For many football fans standing at a football game is a sentimental return to the past, others argue that sitting down stifles the atmosphere whilst many lower league clubs feel the financial pressure to convert their grounds to all seater stadiums.


Momentum has been generated by the Football Supporters’ Federation’s detailed report on safe standing [PDF] released in the spring, and the campaigners at Stand Up Sit Down’s continual efforts. Their website lists six basic points to explain their position:

  • We propose that low risk areas at each ground be set aside for those who wish to stand in front of their allocated seat
  • ‘Standing accommodation is not intrinsically unsafe’ Lord Justice Taylor 1989
  • Away allocations are being halved, Capacities may be cut, Stands may be closed, Supporters are being ejected and banned.
  • Man Utd, Leeds, Newcastle , West Ham and Cardiff have all had ticket allocations cut by the FLA because their supporters stand at away games.
  • People are allowed to stand at rock concerts in football grounds. If this is safe why is it not for football supporters?
  • This is not a campaign just about standing but is about a choice for all supporters.

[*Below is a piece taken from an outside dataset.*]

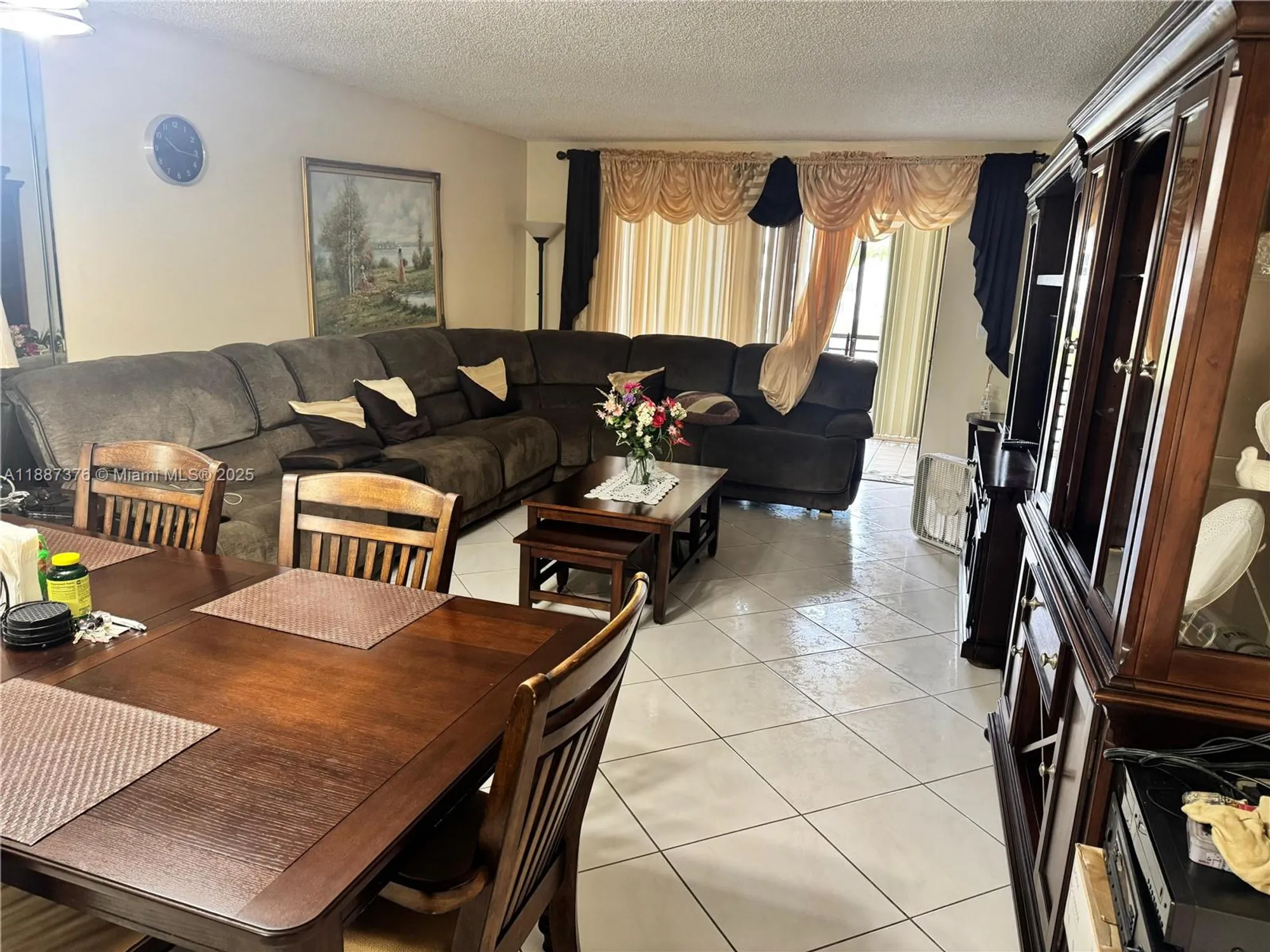 Property Slideshow image 5 of 17 | 4960 e sabal palm blvd apt 203, Tamarac, FL, 33319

An Early Day Motion proposed in the House of Commons, which reads as follows, has the support of 145 Members of Parliament:

That this House urges the Government to re-examine the case for introducing small, limited sections of safe standing areas at football grounds; further urges the Government to recognise that there is widespread support for such areas, and that improvements in stadium design and technology mean that with rigorous safety specifications standing areas could be safely re-introduced; and calls on the Minister concerned to convene a meeting of representatives of the police, supporters, Premier League clubs and the Football Licensing Authority to find a way forward.

The campaign will receive further grassroots support when Wycombe Wanderers host a “Fans United” day in support of safe standing, in their televised game on September 9th. All of the 145 MPs who have signed the above motion have been invited, and fans from all other league clubs are being urged to attend in their club colours, as a show of united support for the return of standing.

The German example of safe standing areas has proved to be influential, and in the U.S., hundreds regularly stand on bleachers at places like Toyota Park with very little problem. No-one wants a return to the dilapidated terraces of the 1980s, but that is not what is being proposed. Stadiums will always be dominated by seating, as most people that attend games are, basically, spectators, participating only periodically in the atmosphere. But there ought to be room for supporters, too, who really need to be standing freely together to provide the continual collective passion that gives football its intensity.

Without reasonably priced standing areas, that passion is drained from the grounds. One suspects that Premier League clubs will not lead any return to standing. But perhaps this is something that Football League clubs — from the Championship on down (currently, standing is allowed only below the Championship) — can further use to differentiate themselves from the prawn sandwich elite, if only the government would relax the regulations to allow it.